Someone, lets call him A, invested some hardwon capital in a fund, which seemed very securely administered, and which further seemed very astutely invested. Now it has become evident that the fund, at a time in the past, had some exposure to the Bernie Madoff operation. But unlike recent participants, A's fund actually showed a gain on the exposure to Madoff.
BUT - other investors, like B for example, now feel that having lost in the Madoff story, they want to go after A's fund - after all, why should A, whether knowing or unknowing, gain from the proceeds of what has been judged in court to be crime?
So B, and various others, enlist lawyers (perhaps on contingent fees) to go after the likes of A's fund. This may take time, and may cost plenty, but it is happening as we speak.
A's fund promptly makes a provision for legal fees, and starts a part-freeze on withdrawals.
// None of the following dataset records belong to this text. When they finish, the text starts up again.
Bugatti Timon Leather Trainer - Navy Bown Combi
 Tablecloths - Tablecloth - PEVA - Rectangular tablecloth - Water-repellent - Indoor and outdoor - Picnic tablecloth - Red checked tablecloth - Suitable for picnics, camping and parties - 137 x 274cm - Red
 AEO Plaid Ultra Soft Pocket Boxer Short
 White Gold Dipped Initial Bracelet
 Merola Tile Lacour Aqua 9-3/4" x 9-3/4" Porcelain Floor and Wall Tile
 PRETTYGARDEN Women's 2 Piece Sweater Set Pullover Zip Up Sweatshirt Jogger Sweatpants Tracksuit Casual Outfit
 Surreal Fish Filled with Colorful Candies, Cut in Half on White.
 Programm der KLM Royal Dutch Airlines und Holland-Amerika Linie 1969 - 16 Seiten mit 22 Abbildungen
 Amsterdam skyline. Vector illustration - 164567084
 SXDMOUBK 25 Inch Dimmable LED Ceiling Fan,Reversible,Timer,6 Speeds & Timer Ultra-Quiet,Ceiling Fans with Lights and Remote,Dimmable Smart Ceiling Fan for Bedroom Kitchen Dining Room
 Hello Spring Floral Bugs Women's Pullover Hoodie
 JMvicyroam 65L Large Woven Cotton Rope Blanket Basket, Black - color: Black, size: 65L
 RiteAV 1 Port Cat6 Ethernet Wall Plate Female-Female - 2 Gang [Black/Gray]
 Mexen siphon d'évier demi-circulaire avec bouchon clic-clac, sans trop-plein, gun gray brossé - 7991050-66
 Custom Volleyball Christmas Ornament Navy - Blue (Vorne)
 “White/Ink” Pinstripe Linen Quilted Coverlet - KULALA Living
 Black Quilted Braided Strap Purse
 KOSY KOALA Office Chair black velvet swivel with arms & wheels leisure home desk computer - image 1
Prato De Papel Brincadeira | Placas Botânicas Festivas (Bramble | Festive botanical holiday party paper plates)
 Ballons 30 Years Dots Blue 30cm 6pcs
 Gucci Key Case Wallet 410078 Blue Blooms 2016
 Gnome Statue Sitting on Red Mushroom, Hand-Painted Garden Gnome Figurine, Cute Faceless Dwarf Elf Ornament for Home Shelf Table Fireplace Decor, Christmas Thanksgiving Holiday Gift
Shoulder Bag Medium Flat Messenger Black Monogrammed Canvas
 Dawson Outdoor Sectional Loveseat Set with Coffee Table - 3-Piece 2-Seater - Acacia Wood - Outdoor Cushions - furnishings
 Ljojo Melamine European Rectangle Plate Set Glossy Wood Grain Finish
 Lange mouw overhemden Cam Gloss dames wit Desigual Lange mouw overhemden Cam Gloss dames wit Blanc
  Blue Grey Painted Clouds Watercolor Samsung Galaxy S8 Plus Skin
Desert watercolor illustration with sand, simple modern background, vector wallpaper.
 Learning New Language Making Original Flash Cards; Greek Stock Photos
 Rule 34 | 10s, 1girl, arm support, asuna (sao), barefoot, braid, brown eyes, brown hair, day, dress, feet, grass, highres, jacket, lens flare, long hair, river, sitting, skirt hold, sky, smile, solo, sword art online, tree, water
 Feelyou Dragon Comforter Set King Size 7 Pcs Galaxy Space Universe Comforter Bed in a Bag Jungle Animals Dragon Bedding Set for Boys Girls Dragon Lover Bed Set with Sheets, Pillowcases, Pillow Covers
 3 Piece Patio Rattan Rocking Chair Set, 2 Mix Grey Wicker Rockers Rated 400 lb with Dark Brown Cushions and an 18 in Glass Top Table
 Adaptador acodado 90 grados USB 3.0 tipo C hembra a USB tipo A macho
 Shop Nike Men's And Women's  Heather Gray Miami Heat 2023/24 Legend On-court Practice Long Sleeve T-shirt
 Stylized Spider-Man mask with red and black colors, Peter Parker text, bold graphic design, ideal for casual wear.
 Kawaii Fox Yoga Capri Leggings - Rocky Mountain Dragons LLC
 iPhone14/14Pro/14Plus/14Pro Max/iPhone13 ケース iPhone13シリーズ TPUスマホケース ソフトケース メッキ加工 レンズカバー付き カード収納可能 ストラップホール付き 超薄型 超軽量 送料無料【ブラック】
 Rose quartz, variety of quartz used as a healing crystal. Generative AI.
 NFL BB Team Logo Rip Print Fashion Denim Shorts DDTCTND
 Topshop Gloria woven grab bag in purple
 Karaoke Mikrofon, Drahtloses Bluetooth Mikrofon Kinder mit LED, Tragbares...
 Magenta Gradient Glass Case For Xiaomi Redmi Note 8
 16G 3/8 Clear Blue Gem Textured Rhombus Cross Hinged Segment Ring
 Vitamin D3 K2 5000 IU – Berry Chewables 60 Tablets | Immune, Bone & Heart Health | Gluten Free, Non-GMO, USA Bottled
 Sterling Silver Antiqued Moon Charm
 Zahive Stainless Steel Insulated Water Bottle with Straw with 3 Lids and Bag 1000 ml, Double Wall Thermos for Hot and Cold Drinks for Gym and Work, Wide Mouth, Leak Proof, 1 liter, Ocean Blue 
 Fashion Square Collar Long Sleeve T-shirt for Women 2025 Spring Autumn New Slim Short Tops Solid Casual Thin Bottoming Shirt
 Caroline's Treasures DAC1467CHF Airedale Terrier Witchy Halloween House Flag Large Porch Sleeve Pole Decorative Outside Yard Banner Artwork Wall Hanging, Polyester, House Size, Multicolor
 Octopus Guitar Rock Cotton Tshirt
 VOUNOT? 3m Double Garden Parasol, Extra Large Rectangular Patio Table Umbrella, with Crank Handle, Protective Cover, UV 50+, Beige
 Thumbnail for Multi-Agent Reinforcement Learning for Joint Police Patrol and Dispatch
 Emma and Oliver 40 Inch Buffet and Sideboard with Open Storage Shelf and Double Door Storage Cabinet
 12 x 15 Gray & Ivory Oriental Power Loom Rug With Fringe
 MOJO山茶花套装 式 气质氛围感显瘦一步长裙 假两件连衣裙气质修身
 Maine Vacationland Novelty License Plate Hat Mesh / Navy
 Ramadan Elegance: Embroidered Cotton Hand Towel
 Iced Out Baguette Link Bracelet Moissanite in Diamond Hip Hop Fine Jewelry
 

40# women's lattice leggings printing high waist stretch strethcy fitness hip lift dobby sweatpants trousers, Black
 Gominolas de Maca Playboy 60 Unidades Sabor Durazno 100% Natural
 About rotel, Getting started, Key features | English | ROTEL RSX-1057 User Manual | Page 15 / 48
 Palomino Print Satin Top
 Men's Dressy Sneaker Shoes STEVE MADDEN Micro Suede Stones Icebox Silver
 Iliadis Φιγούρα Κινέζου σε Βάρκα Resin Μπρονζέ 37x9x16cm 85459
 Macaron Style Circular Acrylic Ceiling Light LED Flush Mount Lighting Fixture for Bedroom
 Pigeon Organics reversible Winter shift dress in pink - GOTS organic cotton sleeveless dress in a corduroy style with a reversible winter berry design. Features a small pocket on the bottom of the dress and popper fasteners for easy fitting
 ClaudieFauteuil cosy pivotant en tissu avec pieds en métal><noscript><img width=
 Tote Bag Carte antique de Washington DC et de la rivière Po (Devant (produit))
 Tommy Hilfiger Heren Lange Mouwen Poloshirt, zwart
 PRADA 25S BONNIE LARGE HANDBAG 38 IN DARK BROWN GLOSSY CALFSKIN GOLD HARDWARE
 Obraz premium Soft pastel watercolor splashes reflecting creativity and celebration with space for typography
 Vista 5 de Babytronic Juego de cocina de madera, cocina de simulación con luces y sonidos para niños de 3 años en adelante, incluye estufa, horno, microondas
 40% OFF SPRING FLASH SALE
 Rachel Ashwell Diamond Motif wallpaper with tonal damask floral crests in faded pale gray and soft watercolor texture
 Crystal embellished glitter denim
It says if people try to withdraw R100, it now assumes the right to pay out only R70, and to keep R30 for the "unlikely" outcome that they may have to surrender the Madoff gains. (And the fund people continue to take fees on the money in the fund.) They point out that the prospects for success by B and his cronies must be low - after all, people who tried to take on the sellers of pre-crash Enron shares were rebuffed since "that might have jeopardised the entire stockmarket". And a successful reclaim of these Madoff gains might "jeopardise the hedge fund industry".
So - what do you feel, think, and expect?
Before writing this matter off as a foible of American courts, please understand that we have our very own Tannenbaums, Fidentias, and more very close to home.